How to avoid the Promotions Tab in Gmail

While making sure your emails work in *all* inboxes is great, it doesn't hurt to focus on the masses and make sure you're driving high-converting emails to the largest majority of your audience.  Gmail is a huge provider of email and making your Recapture emails deliver properly is key for making your abandoned cart, winback and other campaigns successful.

Here are some specific tips we recommend to help you stay off the Promotions tab and in the primary Inbox for Gmail

  1. Image to text ratio is one of the biggest things that impact promotions vs primary tab. 100% image-based emails will most likely not cut it. Make sure your emails have a solid mix of live text + live buttons.  There's no ratio rule published by Google, but we've found emails that are ~60% or greater live text + live buttons hit the primary inbox much more often than promotions. Plus, emails with more live text + buttons are great for deliverability and accessibility long term.
  2. Ask your recipients to reply to the email and tell you where it landed:  Replies will help improve deliverability, and asking your customers to tell you that information is both helpful and valuable for feedback.
  3. Include instructions to move the email from Promotions to Primary:  Adding some simple instructions (which are easy to Google: can signal to Gmail that they made a mistake and it will improve later deliveries by doing this.
  4. Subject lines that include sales language may trigger the promotions tab by itself.

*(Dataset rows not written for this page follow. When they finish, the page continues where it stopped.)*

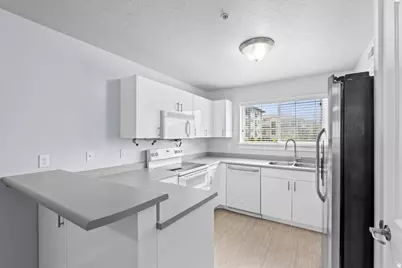 1004 N 1090 W #203, Orem, UT 84057 - Photo 5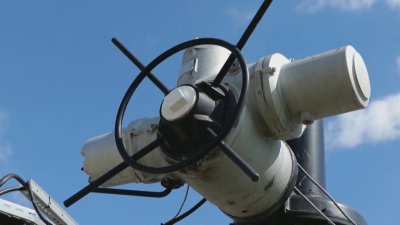 Чехия готова да инвестира в &bdquo;Дружба&ldquo;, за да снабдява Словакия с петрол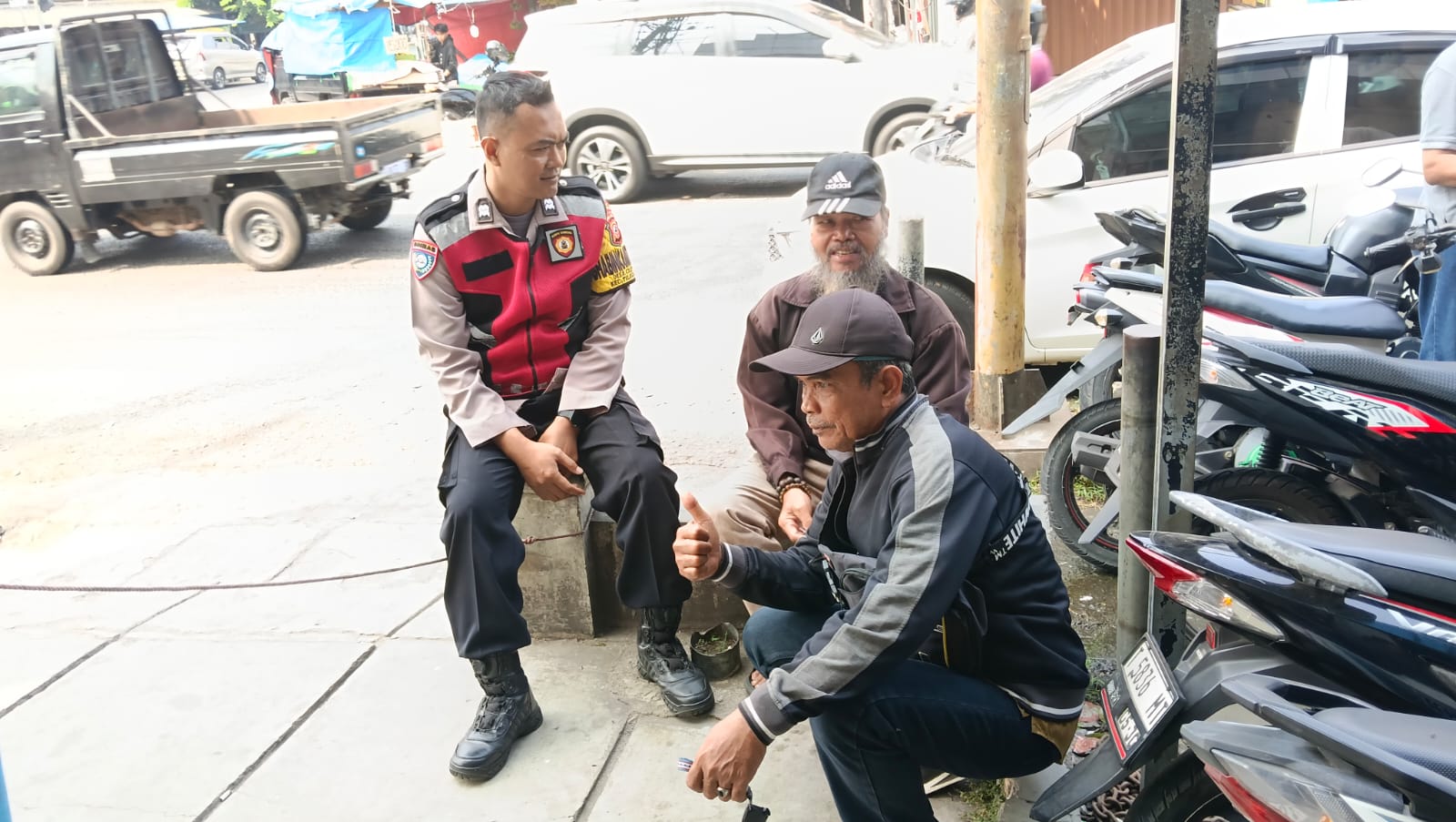 Sebar Pesan Kamtibmas Bhabinkamtibmas Polsek Telagasari Ajak Warga Jaga Kondusifitas Lingkungan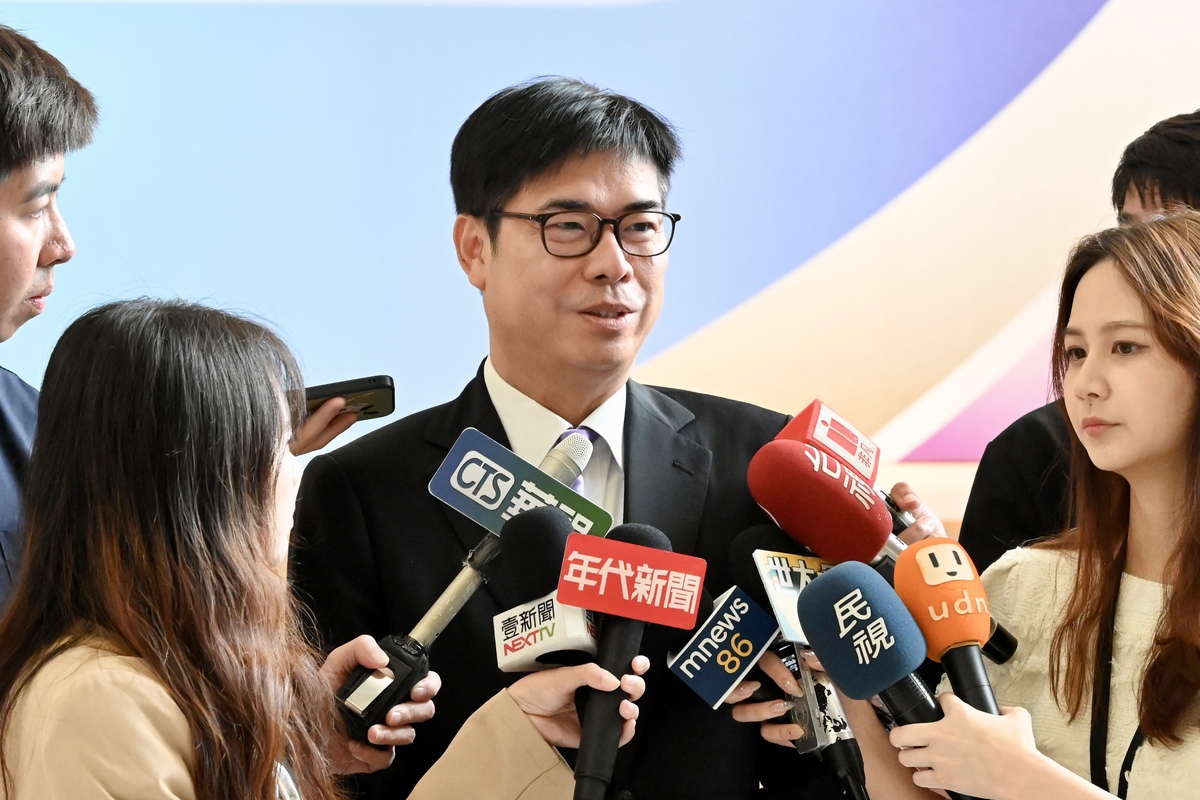 陳其邁(中)介紹黃捷入民進黨。 圖：高雄市政府提供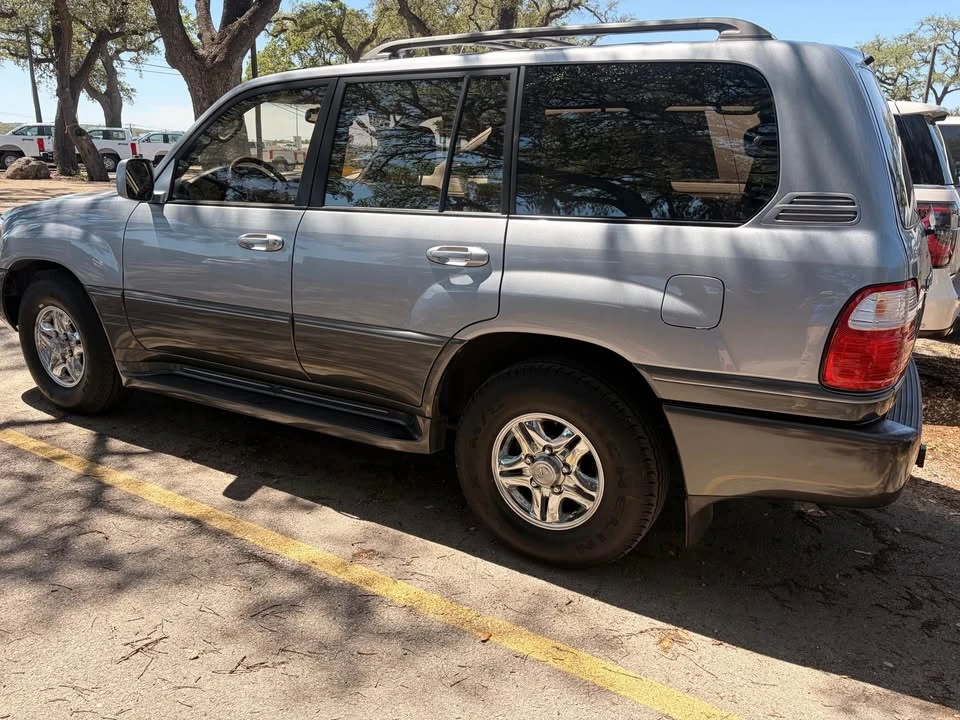 2001 Lexus LX 2nd Gen - Image 5 of 8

Trigger words are not "a thing" anymore, despite what you may have heard.  But even with that said, certain words can increase your probability of landing in promotions because Gmail is trying to guess if you are promoting things or not.  Some brands can get away with it, but if your emails routinely have "XX% off!" or "limited-time" or any other promotional type language, they may automatically get filtered out.  Try to find unique angles to take with subject lines and preview texts! Either engage more personally with your customers or pull tidbits of copy from the email's body that are less promotional and more fun or eye-catching
  5. Your reply-to address matters! If your emails are being sent from email addresses with "no-reply" or similar, there is a GOOD chance that Gmail will automatically throw you into promotions. Try to use team/help/ and have replies forwarded to your helpdesk.  And with Recapture, using a custom sender domain will definitely help you stay off the Promotions tab by matching your sending domain with the reply to domain.
  6. Try to reduce the number of blocks in your email, as well as the different styles of text, headings, etc.  When sending emails to colleagues, you're more than likely using paragraphs and maybe some bolded or underlined sentences. Nothing fancy, right?  If you're doing the exact opposite for your brand's emails, Gmail can easily recognize that as an email that shouldn't be in a user's primary inbox. Combat this by reusing global styles and limited the different types of formatting your text has in an email.
  7. Make sure to preview your emails in a Gmail client before your start your Recapture campaigns (easy to forget when using Apple mail, outlook, etc). Most of the time, you can tell if an email is going to the promotions tab simply by sending yourself a preview in Recapture to a Google inbox and seeing where it lands.  This is definitely not fool-proof, as I have had emails that hit primary during a preview but still hit promotions after pressing send. However, if your email is hitting promotions during a preview, there's a very good chance that's going to hold true for your main send.

You'll never 100% guarantee that an email will hit the primary tab. At the end of the day, Google does what Google wants to.  This is true of all email clients, not just Google.

However, using these best practices regularly, you may start to see some emails perform better and generate more revenue per send.